CTO Colin McCririck hopes the shift will propel the agency towards its strategic goals, such as the state government's push for cloud-first procurement.
“I don’t want to be running $50 million, $100 million projects, I want to be running small things and plugging devices in and out, and one of the reasons interoperability is so critical is it will be a facilitator to go down that path," McCririck said.
Read on to learn how ING Direct is entering the new world of the web...
Turning it up a notch
Then you’ve got IT shops who are taking the lego block approach to the next level.
Online bank ING Direct recently became the first known Australian customer of Google’s Polymer application tool-kit, which it has partnered with a customised version of the API Blueprint platform to make building and deploying applications a lot easier.
Polymer - Google’s open-source application development library for the web - forms part of Google’s efforts to give users an app-like experience on the web, offering developers interoperable custom elements to create standardised apps faster.
ING Direct is in the midst of a move from the ASP.Net framework and SOAP (simple object access protocol) to Polymer as the base of all its apps and websites.
But in order for Polymer to interact easily with ING’s backend, the bank needed some sort of string to tie all its lego blocks together - which led it to the API Blueprint open source web API language.
ING customised the tool - which is essentially a fake API plugging one way into a test function or website - to make it link back into its backend services and systems.
This ‘robot’, as ING calls it, now takes the requirement of writing code out of the developer’s hands and automates the process.

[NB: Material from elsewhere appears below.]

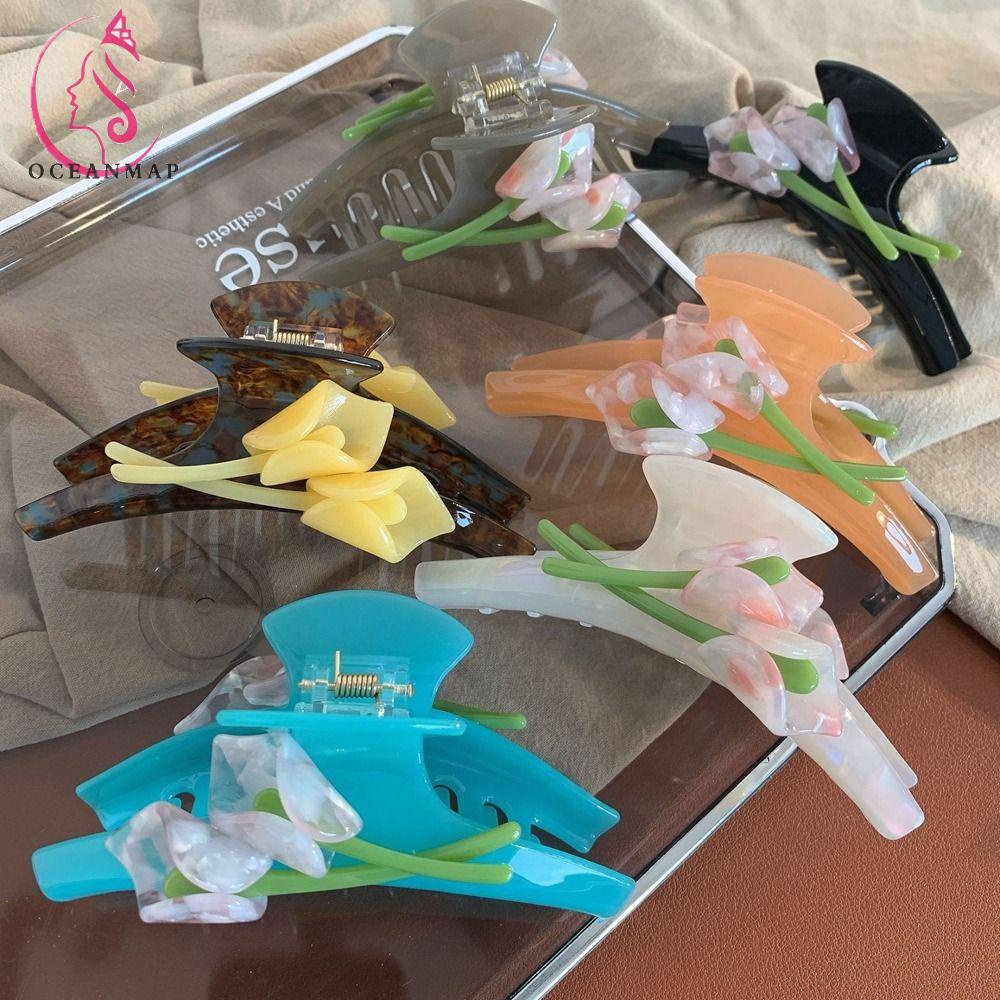 OCEANMAP Kẹp Tóc Hình Hoa Sen / Cá Mập Dễ Thương Cho Nữ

It’s cut down the architecture team’s development time by half.
“In this fashion a prototype is essentially a working version of the assembled application. The intent is to reduce the degree of human involvement in the delivery process,” ING head of strategy Ben Issa told iTnews.
ING has taken a risk with this technology - it’s very new, and has been labelled as “embryonic” by Gartner in its Hype Cycle publication.
But Issa is willing to take the plunge. He believes the move will set the bank up for the future of the web.
“The [future web] is about performance, standards-based implementation, security and device agnosticism,” he said.
“We have positioned the channel architecture such that achieving this is second nature, the focus is now squarely on customer experience and function.
“We no longer build applications. We have, and are enriching, a module market sourced from industry and the ING global community. Modules are assembled into applications as the business requires.”